I’m a bit late when I arrive at the Denny’s and Nesby’s standing by the front door. He flags me down and directs me to a parking spot near his 1982 Toyota Supra. “Chuck Nesby,” he says, offering a firm handshake and directing me to the passenger seat of his car.

Nesby, 48, stands about six feet and is thickly built. He’s wearing faded-blue denim shorts and a dark-blue T-shirt. A Navy baseball cap hides his black and gray hair. I throw my lawn chair in the back and climb in. At 3:30 we get on I-8 heading east. Nesby, leaning back in his bucket seat, his face illumined by the instrument lights, fills me in on the day’s plans. “We’re going to a private ranch near El Centro,” he says. “I go out there every year for the dove opener.”

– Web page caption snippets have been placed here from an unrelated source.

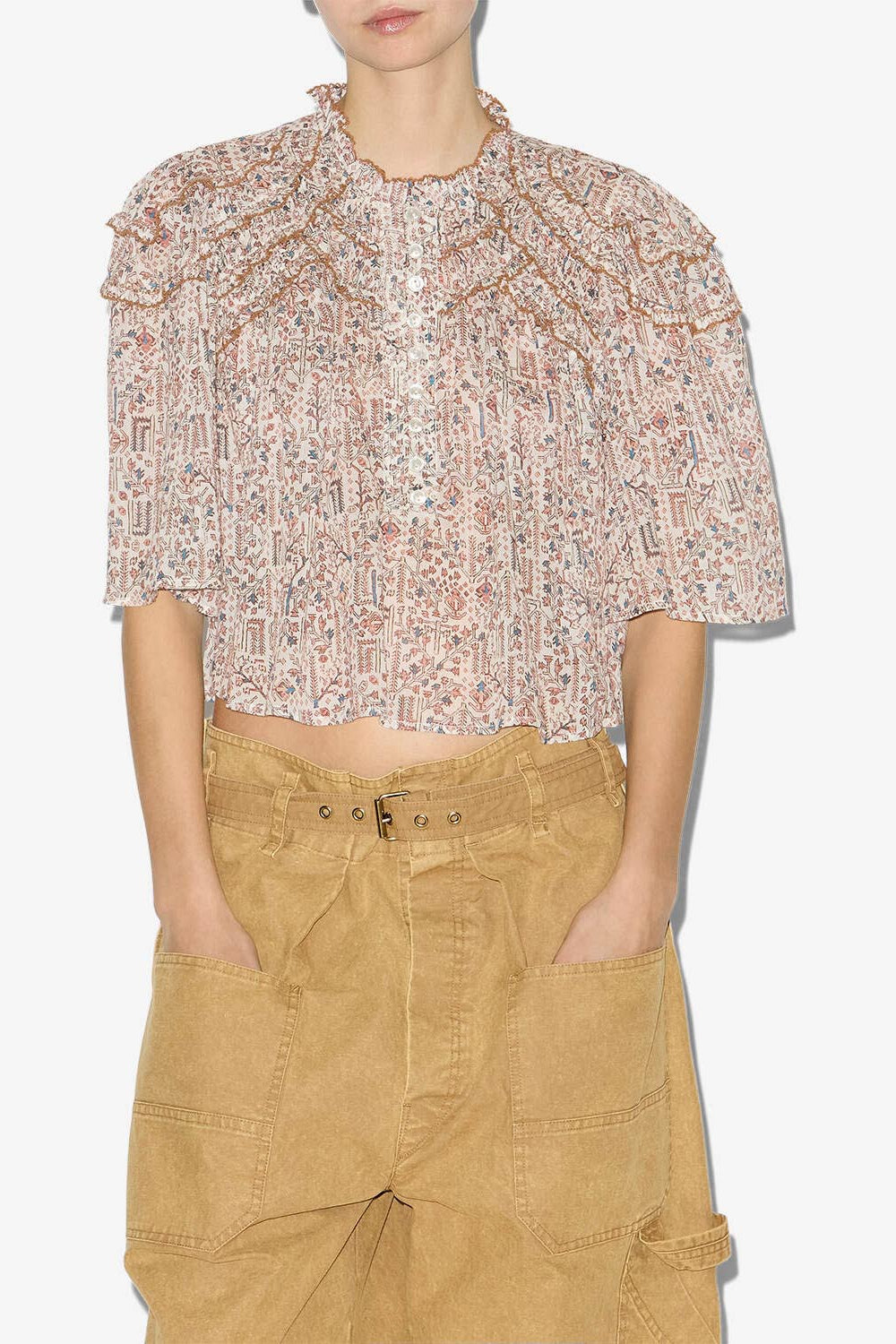 Top carmen aus gerafftem und bedrucktem baumwollvoile - Naturfarben - Woman - 3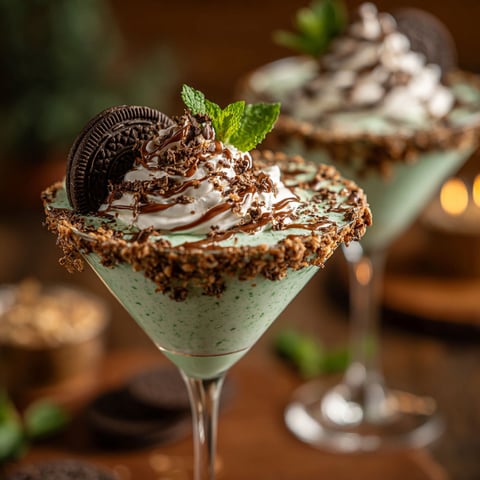 Two glasses of milkshakes with cookies on top.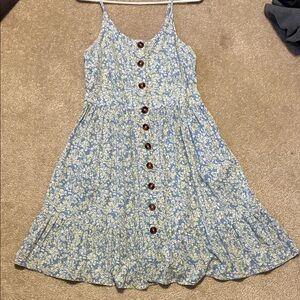 Floral Blue Midi Dress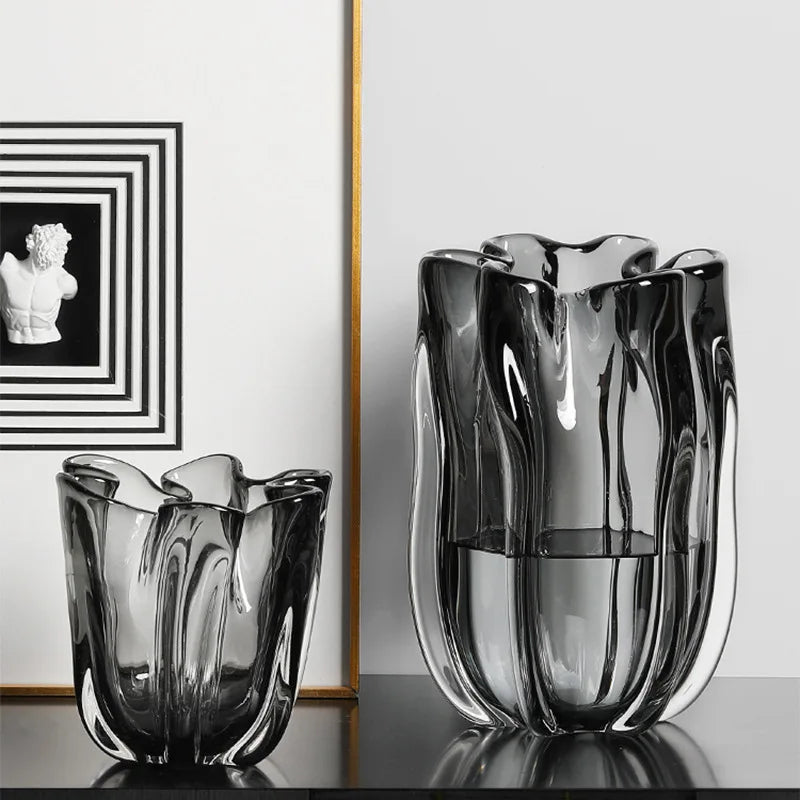 Creative And Simple Transparent Glass Large Vase Floral Decoration Flower Arrangement Living Room Porch Desktop Home Decoration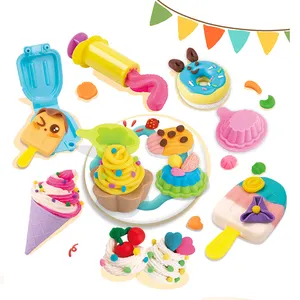 QS pas cher prix doux argile jouets créatif bricolage à la main sûr 5 couleurs Dough crème glacée faisant des moules outils de pâte à modeler jouets pour enfants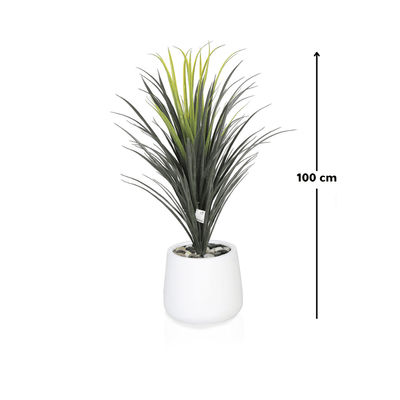 Yucca cactus tree with oval fiber pot consisting of a single branch, designed with green leaves that add a lively touch. Available colors: white - Al Rugaib Furniture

A retired Navy F-14 pilot, Nesby first came to San Diego in 1975. After his retirement from the Navy two years ago, he settled in Mira Mesa and now works as an airline pilot for Southwest and serves as senior military aviation advisor for the House Appropriations Committee. “I’m sort of a buffer between Congress and the military,” he explains. “I present to Congress what the military needs, and I tell congressmen the right questions to ask the generals and admirals and which generals and admirals they should believe and not believe.”

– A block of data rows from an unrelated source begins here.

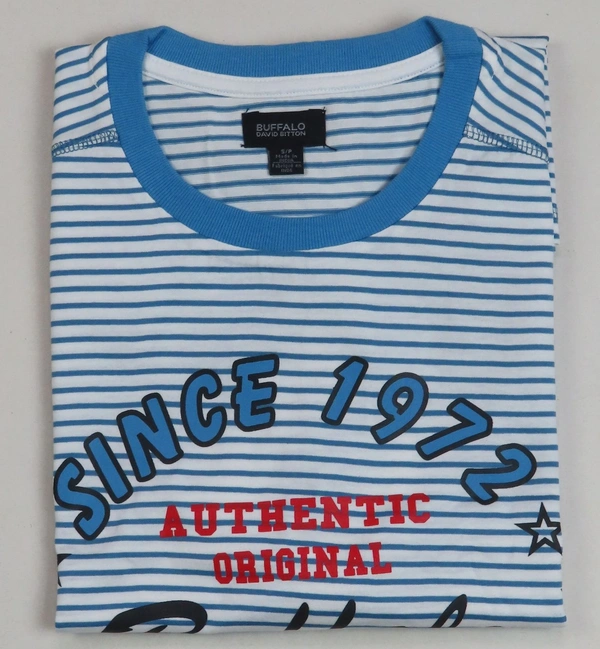 BUFFALO DAVID BITTON BUFFALO STRIPED N PRINTED T SHIRT 8B1 - White / Blue Striped, M
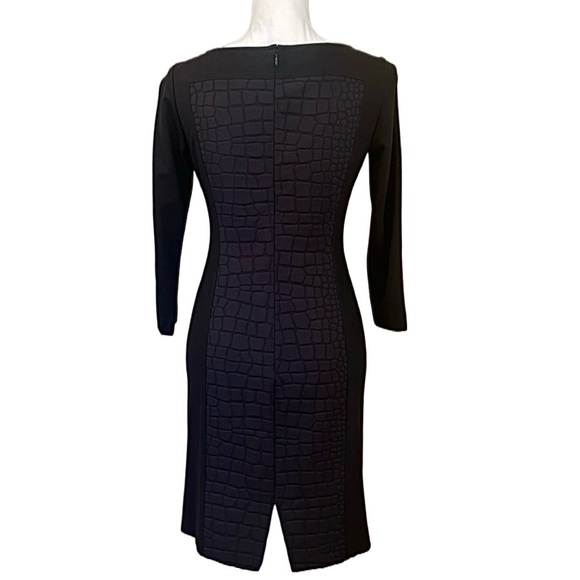 Lafayette 148 New York Black 3/4 Sleeve Crew Neck Black Knee Length Dress - Picture 4 of 14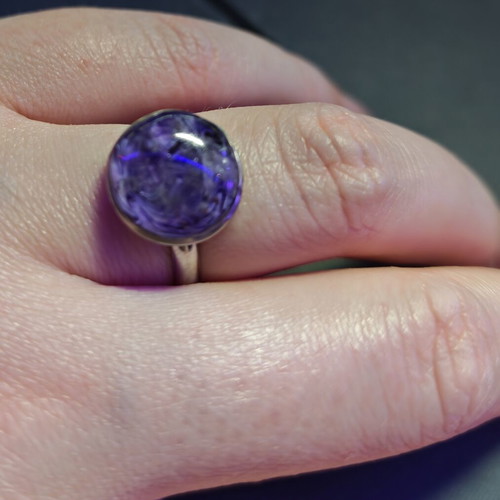 Stainless Steel Ring with Purple Resin Stone handmade, like new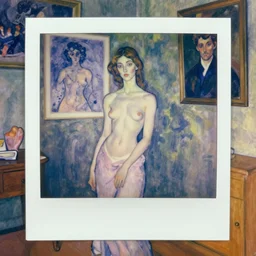 a girl in a room, old polaroid by goya, by schiele, by el greco, elegant drawing, digital painting, jugendstil, strong lights, flat colors, pastel colors,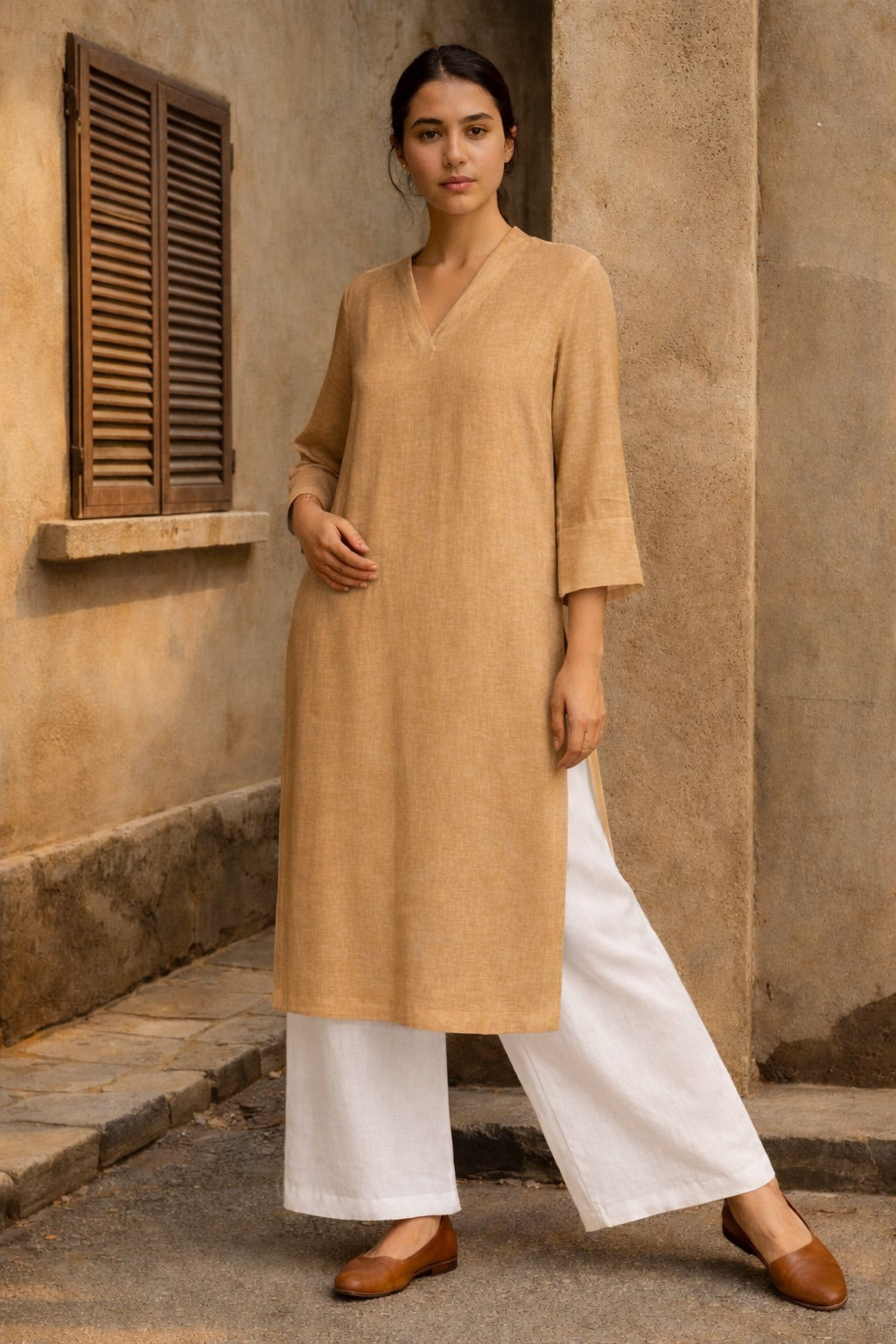 PURE LINEN- "V" NECK KURTA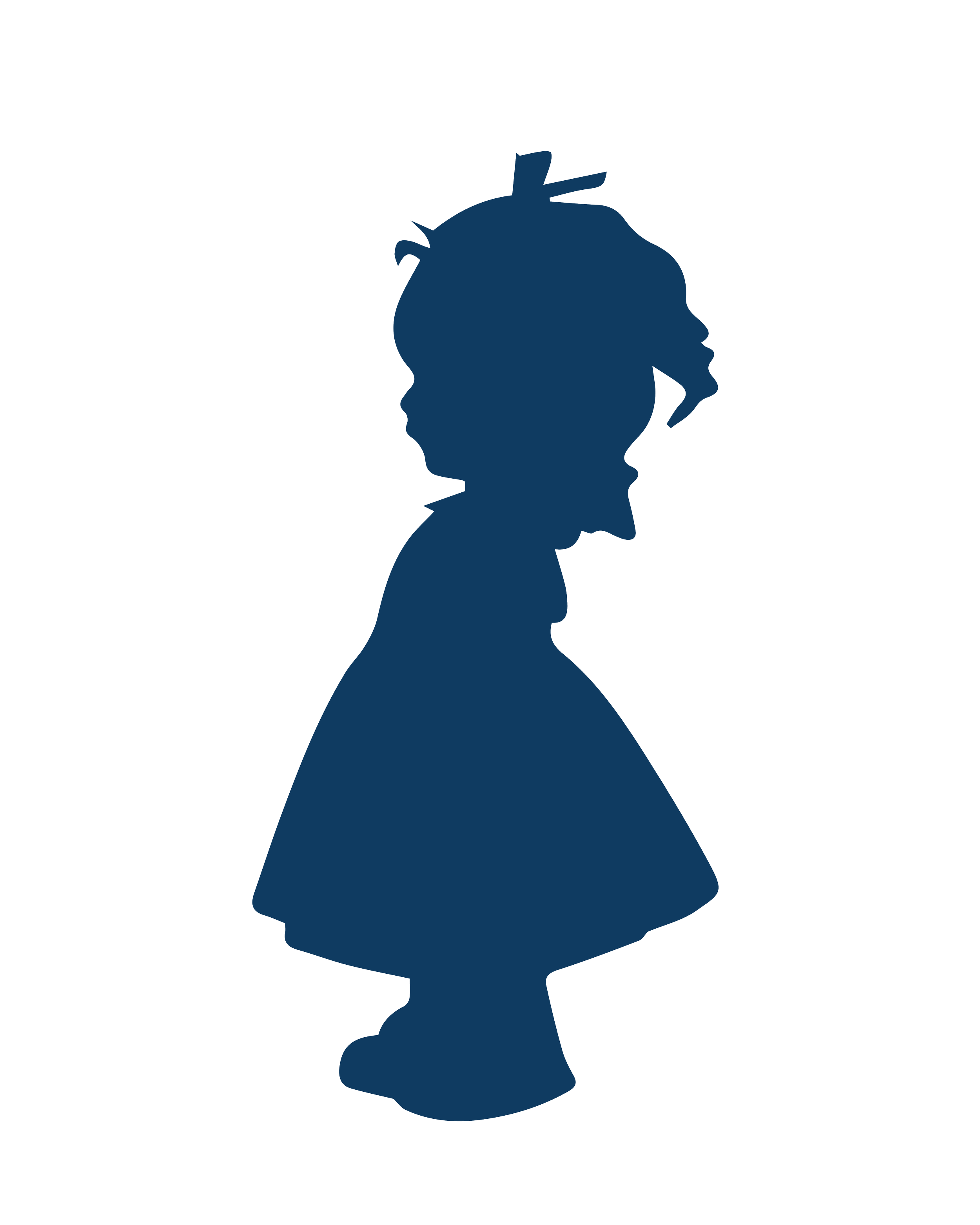 Silhouette of a young girl with shoulder-length hair, wearing a dress, facing left.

On the two-hour ride out in the dark, Nesby drives in the right lane while a line of pickup trucks flies by on the left at 90 miles per hour. “Hunters,” Nesby chuckles. “Trying to get where they’re going before shoot time.”

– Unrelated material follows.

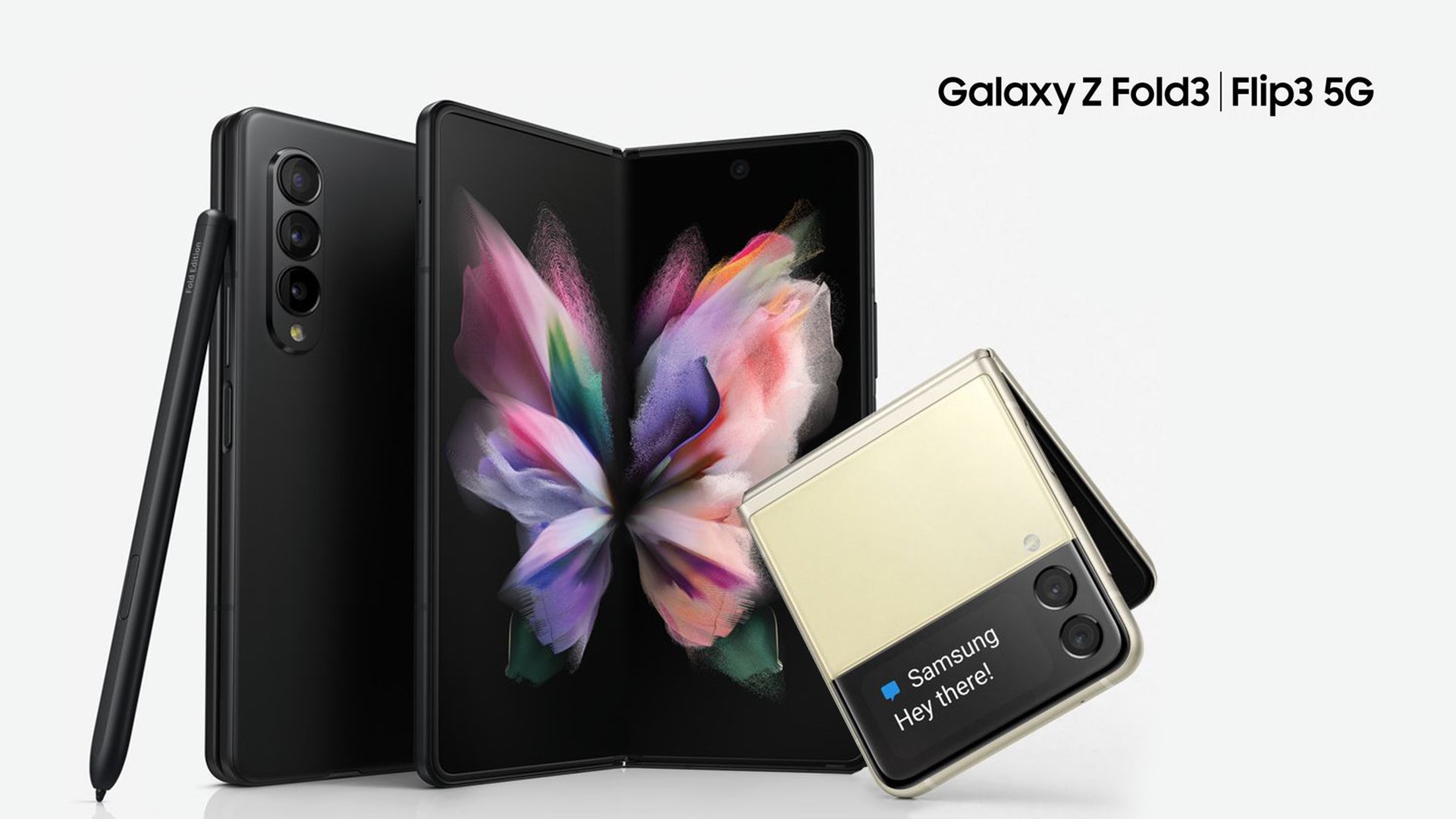 Visual oficial do Galaxy Z Fold3 e Flip3 5G. (Fonte: Evan Blass, Twitter / Reprodução)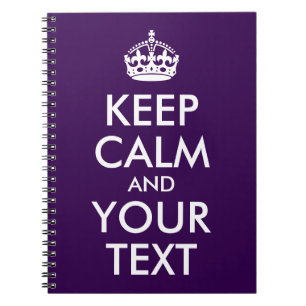 Carnet Violet foncé et blanc Gardez le calme et votre tex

We get off I-8 at the exit for Naval Air Station El Centro. “When I was at Miramar,” he says, “we would come out here for a couple of weeks at a time to practice bombing tactics at the Chocolate Mountain Range. Out here you could be away from the phones and paperwork and the wife and get some work done.” After crossing over the freeway and taking a left, we pass by a narrow river gulch on the right. “We used to bring guns with us, and in the afternoons we’d do some shooting in that little canyon right there.”

A mile or two past the canyon, we turn right up a narrow road between plowed fields. Just as the road starts to curve to the right, Nesby steers the car onto a dirt road veering to the left. “This is the ranch we’re going to hunt on,” he explains.

At the center of the ranch, outside a metal barn, 20 men stand around talking in the predawn darkness, swapping stories about last year’s opener and discussing the best spots to shoot on the ranch. Nesby listens for a minute or so but isn’t into it. It’s about 20 minutes till shoot time, and he’s itching to find a good area to hunt. He gives me a nod toward the car, and we drive off toward the northwest corner of the ranch and park near a field of ten-foot corn. “This is where I shot last year, but that field wasn’t planted with corn then.”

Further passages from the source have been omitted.